Écoutez-vous la radio le matin ou suivez-vous même de loin les débats sur le sujet du climat ? Alors vous avez sûrement déjà entendu une idée à la mode en ce moment : il y aurait d'un côté les efforts individuels, et de l'autre les efforts collectifs.

En particulier, les efforts individuels seraient quantifiés, et très limités. À en croire Gaël Giraud, l'un des intellectuels les plus influents de France, cité par Hervé Gardette, l'un des journalistes de l'environnement les plus influents de France, « à l’échelle individuelle, beaucoup d’entre nous éprouvent une impuissance tragique. En France, l’austérité la plus rigoureuse permettrait à un individu seul d’économiser au mieux 30% de ses émissions de gaz à effet de serre. Les 70% restants relèvent de décisions qui engagent les grands collectifs et le politique» Autre exemple, à la minute 21 de cette émission France Inter, on entend Natacha Polony, l'une des journaliste les plus influentes en France, dire : « Des personnes qui bouleverseraient leur mode de vie pour pratiquer toutes les règles de l'écologie pure ne réduiraient que de 25 % leur empreinte carbone ».

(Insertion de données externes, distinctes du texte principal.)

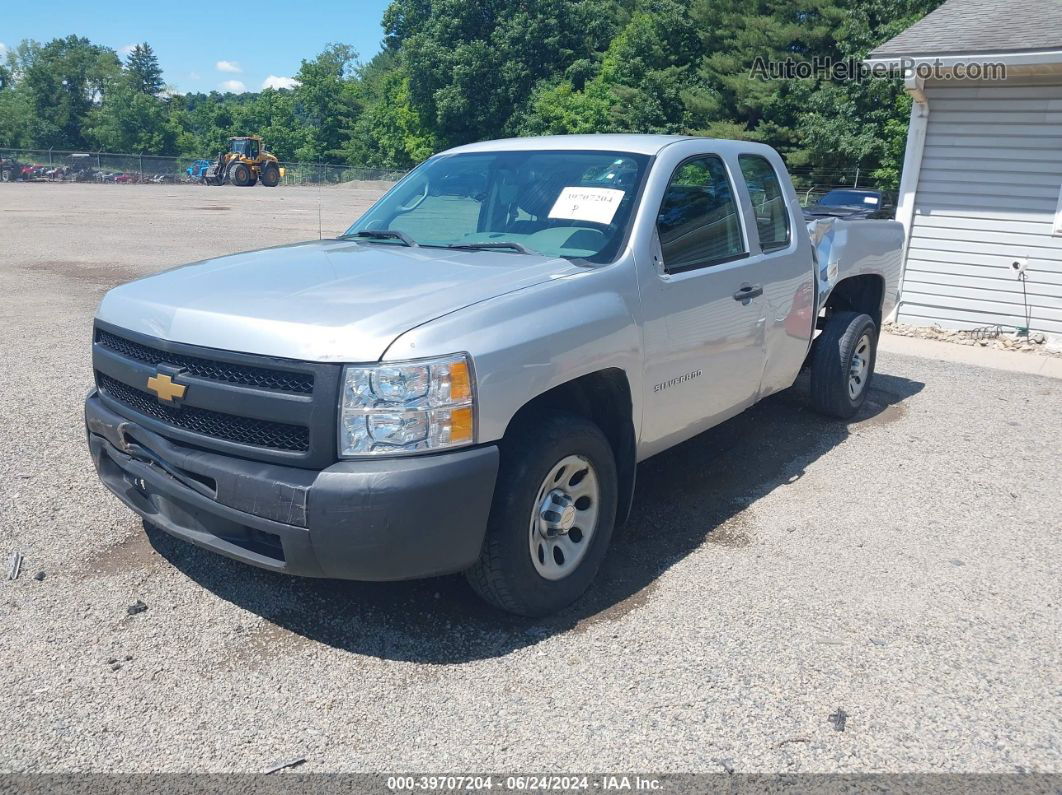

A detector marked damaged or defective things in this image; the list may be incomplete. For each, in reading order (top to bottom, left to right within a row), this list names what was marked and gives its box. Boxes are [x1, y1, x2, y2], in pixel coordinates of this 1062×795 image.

damaged bumper [86, 394, 497, 581]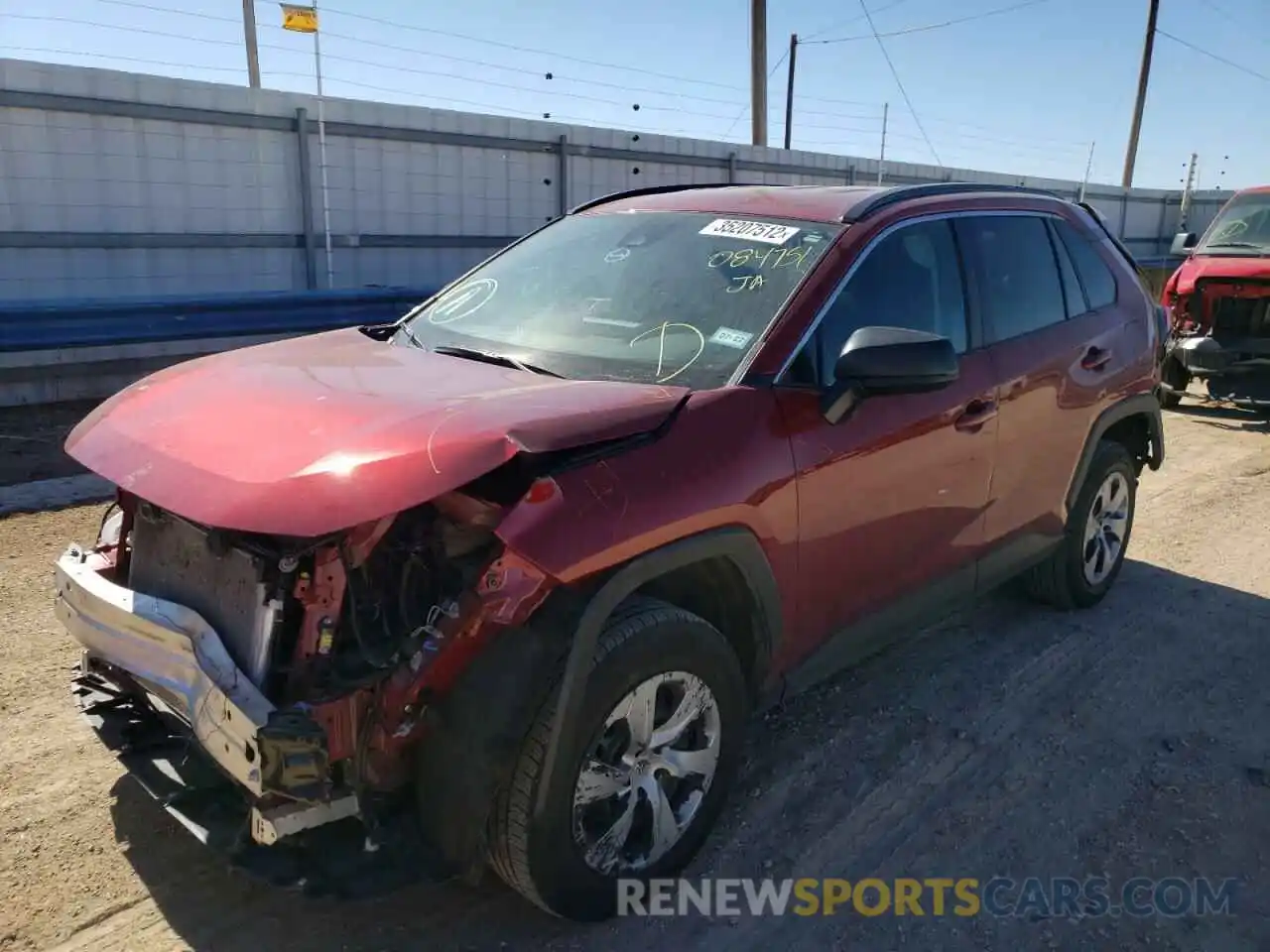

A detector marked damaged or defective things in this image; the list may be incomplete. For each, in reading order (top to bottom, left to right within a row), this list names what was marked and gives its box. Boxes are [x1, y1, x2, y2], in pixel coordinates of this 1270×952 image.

Alors, quel est le problème dans ces deux citations ? Il y en a en fait deux : d'une, ces citations sont des infox, propagées par des gens très écoutés. De deux, l'étude sur laquelle se basent ces influenceurs est critiquable, et la thèse elle-même qui sous-tend l'étude est sans fondements : c'est l'objet principal de cet article.

Diffusion d'une infox bien arrangeante

Que dit l'étude publiée en juin 2019, et son résumé, précisément ? Elle expose deux scénarios de changement de vie d'un individu.

L'un ferait des efforts qu'on peut attendre d'une personne engagée mais pas trop. L'étude chiffre ces efforts "modérés" à 25% de l'empreinte climat d'un français moyen, de 10 tonnes de CO2e environ, soit un effort d'un quart du total.

Pour rappel, cette empreinte moyenne, c'est simplement le rapport de l'empreinte totale de la France divisé par la population de 67 millions. Ou compté différemment, mais avec le même résultat, c'est l'empreinte de la totalité des achats d'un Français dans l'année. C'est une comptabilité de consommation, et d'autres comptabilités sont possibles mais peu répandues aujourd'hui.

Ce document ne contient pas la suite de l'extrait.